The news that the association was not able to sell all its tickets comes as a surprise given prior reports of the match being sold out and the thriving black market that arose around the game. A day before the final, even RR Patil, the home minister for Maharashtra state, said "all the tickets have been sold".
When contacted by ESPNcricinfo, Ratnakar Shetty, the tournament director for the event and a current vice-president of the MCA, said "this is not something we need to discuss" with the media and that the issue would be dealt with by the association's managing committee, which is scheduled to meet on March 31. He added that the members of the association were responsible people and that they would deal with the situation.
The MCA's report shows that a total of 31,118 tickets were up for sale, though only about 4000 of those were available to the general public because the association was contractually obligated to offer tickets to the ICC and its member clubs. In all, the sale of tickets realised Rs 22.89 crores (approx $4.5 million). The game, which India won in spectacular fashion when captain MS Dhoni hit Nuwan Kulasekara for six, was also watched on television by 134.5 million Indians, according to TAM Sports, a television ratings agency.
Ticketing was a controversial issue throughout the World Cup. Police in Bangalore conducted a baton-charge on fans queuing up for tickets for the India-England group game. The 7000 tickets were sold out within three hours, officials said, leaving hundreds of fans - many of whom had queued up overnight - angry and disappointed.
Demand for tickets for the final soared to the point that the official ticketing website - Kyazoonga.com - crashed amid a scramble for the 1,000 tickets that were offered online. At one stage, the website had 500,000 concurrent users trying to buy tickets to the World Cup final.

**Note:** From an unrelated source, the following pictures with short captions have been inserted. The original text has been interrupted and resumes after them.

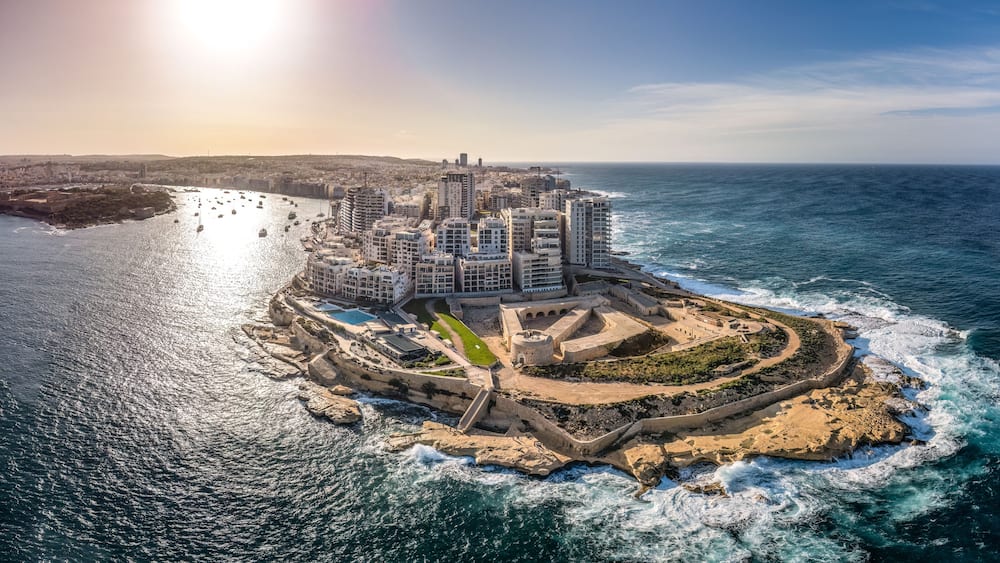 A coastal cityscape with a prominent fortress-like structure surrounded by modern buildings, a marina with boats, and a clear view of the ocean.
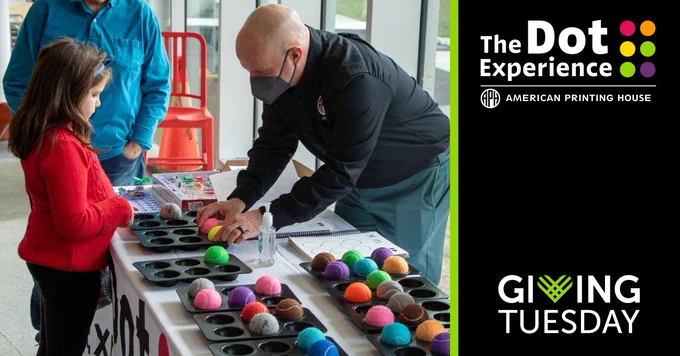 An adult speaks to a young girl from across a table while another man stands at the head of the table. The table between the adults and the child has several muffin tins filled with colorful tennis balls. Text: "Giving Tuesday." The Dot Experience logo.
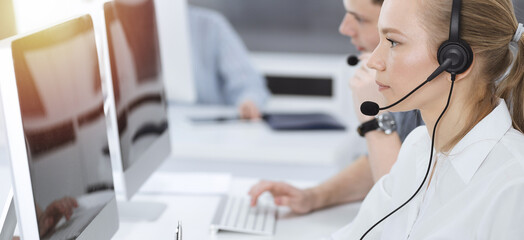 Call center. Group of casual dressed operators at work. Blond business woman in headset at customer...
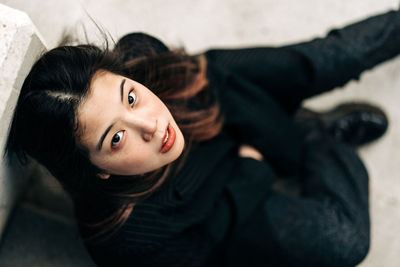 Long hair brunette asian woman sitting on some stairs and looking at camera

Many fans also complained about not receiving tickets they had bought online and the ICC was eventually moved to ask its president Sharad Pawar to intervene. A letter written to Pawar by David Becker, the ICC's legal head, and published by the Indian channel NDTV, warned of the growing discontent among the ICC's commercial partners over tournament tickets due to them and the possible financial fallout.

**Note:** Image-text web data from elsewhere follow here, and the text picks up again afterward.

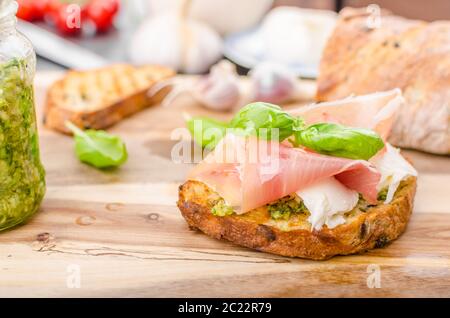 Crostini avec jambon forêt noire, fromage Parmesan et pesto au basilic Banque D'Images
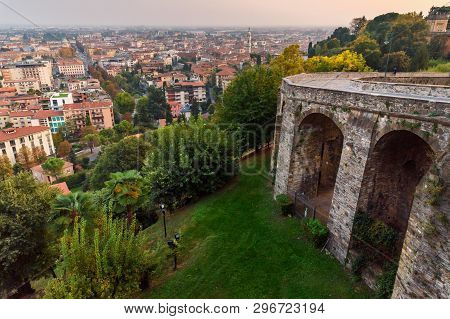 View Of Bergamo City And Old Bridge On Via Sant Alessandro Street To Upper City Cita Alta At Sunset.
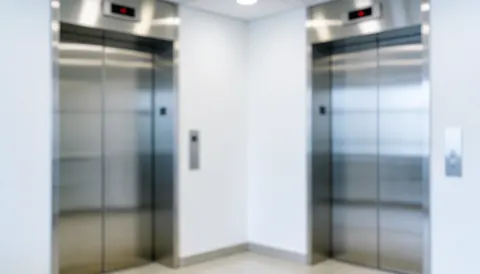 Professional office hallway background featuring two stainless steel elevator doors, white walls, and even lighting, ideal for commercial text overlays.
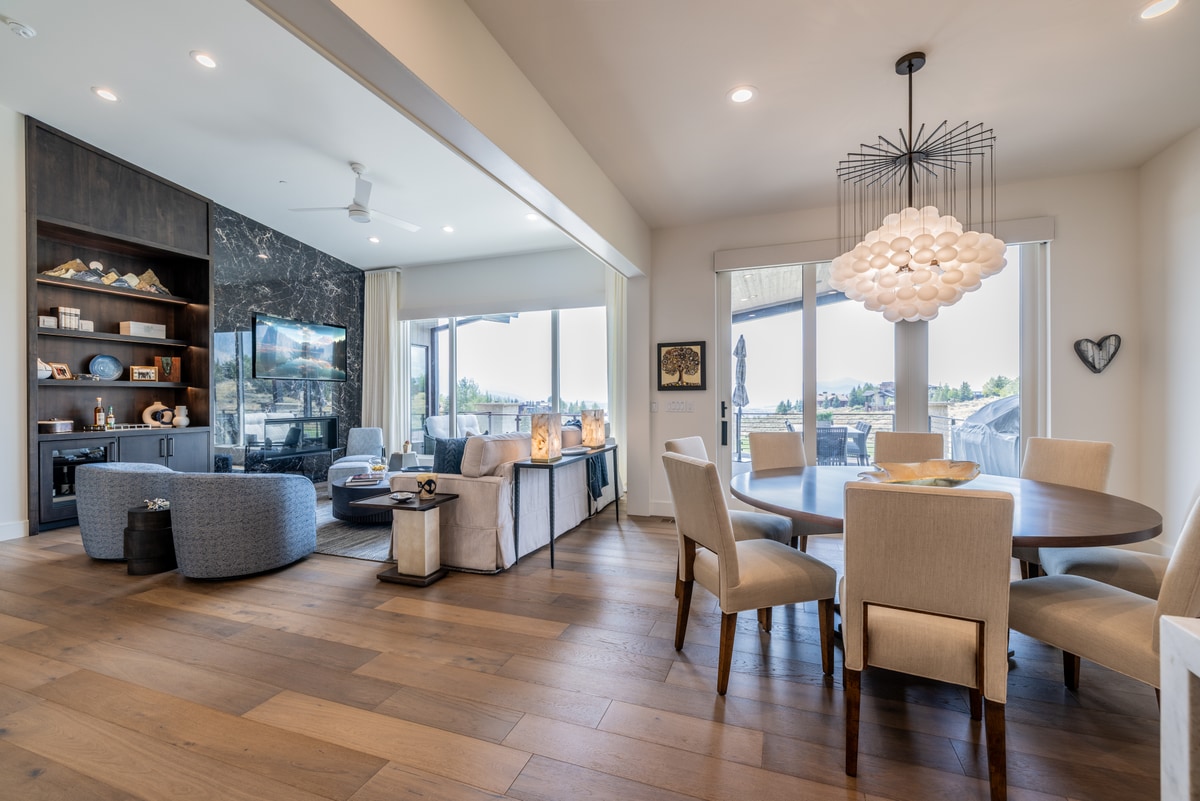 Ranch Gardens Park City Utah — dining area with sculptural bubble chandelier and open connection to media lounge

An ICC spokesperson did not want to comment on the matter of unsold tickets, however, saying that it would not be "appropriate for us to comment on the ticket allocation of MCA or BCCI". However, following the World Cup the ICC did appoint consultancy firm KPMG to conduct "an independent review of the ticketing process in order to determine whether proper controls existed for the allocation, distribution and accounting for all tickets so as to avoid in future the allegations of 'black market' selling of tickets".

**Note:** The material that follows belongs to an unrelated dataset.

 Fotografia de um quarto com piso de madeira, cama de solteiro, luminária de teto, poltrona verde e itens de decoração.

According to an executive summary of KPMG's report, the scope of the review covered the ticketing operations of the ICC, official tour operators and Kyazoonga. It did not, therefore, cover distribution of tickets through local cricket associations.
While the report did not unearth evidence suggesting that the ICC, official tour operators or Kyazoonga were responsible for black marketing of tickets, it did state that the ICC needed to make sure that sufficient tickets were available to the public in the future and that there should be "central control and management of tickets [and] better record keeping."